Lenten reflection: the Potter

This morning as I read of the postponement of Kelly Gissendaner‘s execution, I wondered what it must be like for her as she waits in the unknown.  I wonder if her faith is surrounding her in peace.  I wonder if a flame of hope resides in her spirit. I wonder if she has surrendered to the next steps of the journey, whatever they may be.

I imagine that for whatever human emotions Kelly feels, she is also drawing on a strength much deeper and broader than her own will is capable of.  You see, she has experienced the healing power of our Creator’s unconditional love.

Whether you support or oppose the death penalty, if you are a person of faith, you cannot deny that Kelly’s life serves as a lesson and testament to the transformative power of grace and mercy, of hope and faith.  In this Lenten season, she has become a symbol for me of how we wrestle with our own sin and yet are still offered light, life and salvation by the great I Am.

This morning, as I listened to the link posted above, I was reminded of God as the Potter.  The one who shapes us and molds us, giving us new life and new opportunities through forgiveness and redemption.  I am reposting this meditation in honor of Kelly Gissendaner and what her story has to teach us all.  ~cameron, 2015

We are the clay and you are the Potter.
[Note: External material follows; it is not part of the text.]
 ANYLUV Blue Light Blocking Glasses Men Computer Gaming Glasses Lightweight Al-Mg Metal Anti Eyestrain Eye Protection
We are all formed by your hand.

~Isaiah 64:8

Over the weekend, I had the blessing of attending a spiritual pilgrimage that offered me time to explore the depths of my faith, my understanding of grace, and the importance of healing.  While it was a very personal experience that could not be shared adequately in words, I would like to reflect on a very powerful image that came to me.

As I sat with my eyes closed during a time of prayer and healing, I meditated on how I felt physically, emotionally, and spiritually.  Simply put, I was worn out. potter-clay

Warm tears rolled down my cheeks, and I began to envision myself as a big lump of clay resting in the middle of a wheel.  My soul had been pounded and pulled and prodded, and I felt exposed, raw, and unsure.  What was happening to me?
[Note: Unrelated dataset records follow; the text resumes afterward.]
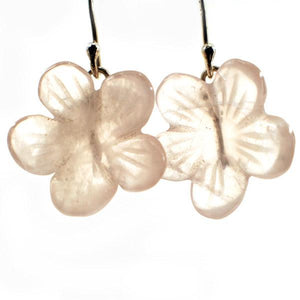 Simple bead earrings Rose Quartz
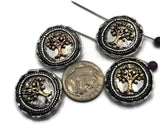 Round focal beads featuring detailed Tree of Life designs accented in antique copper and light antique gold. The antique silver backgrounds and decorative borders enhance the vintage-inspired styling. Suitable for Bracelet Making, Necklace Designs, custom jewelry, artisan beadwork, family-themed accessories, and meaningful handmade jewelry projects.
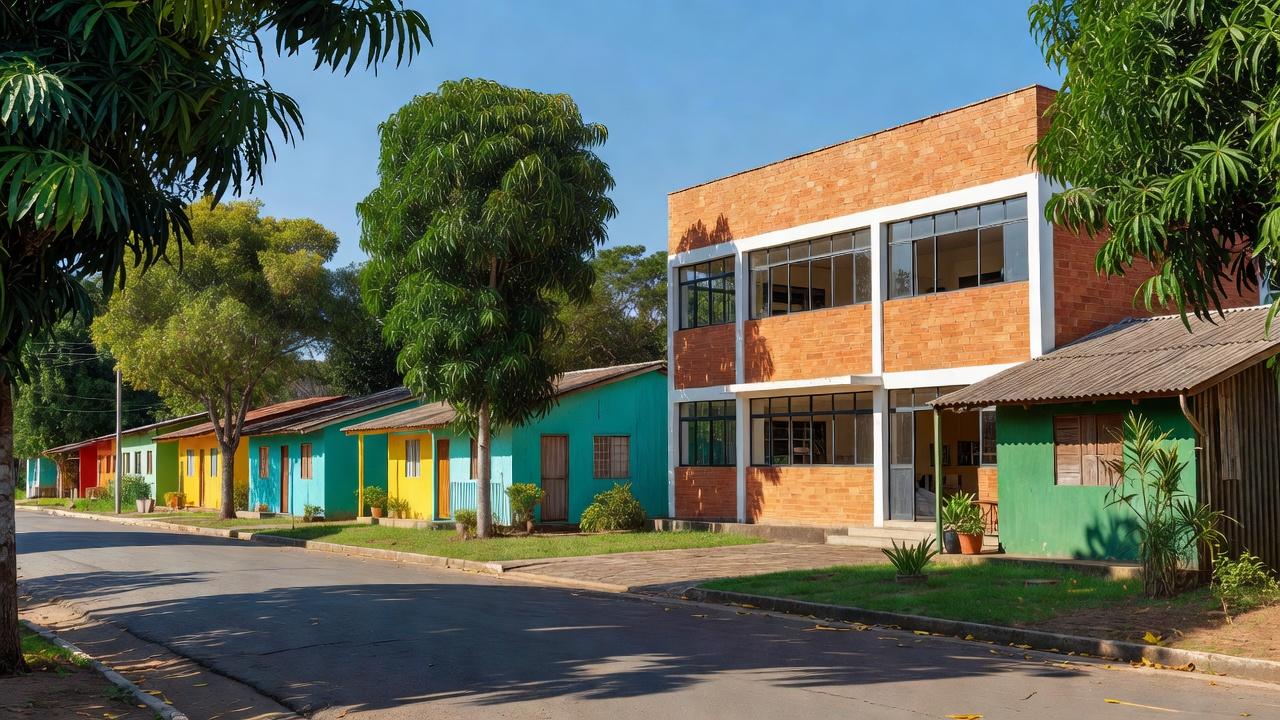 Edifício da prefeitura e imóveis residenciais em Ji-Paraná para IPTU e regularização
Then it came–the vision of a Potter picking me up between two gentle hands, caressing me, holding me.  As the Potter’s hands shaped me, I was transformed.  I no longer took the shape of the vessel that held onto the pain, sorrow or grief that had pervaded my life for many years.  I began to take on a new form with a new purpose.  What grace~

Returning home, I have been meditating on the Potter’s work and my work too.  It seems very appropriate that this part of my faith journey has taken place during Lent–a time when we meditate on our relationship with God through our relationship with God’s son, Jesus Christ.

As I prepare for the final weeks of this Lenten Season, I give thanks for the Potter who offers hope and healing to a broken world by reshaping us in gentle and loving hands.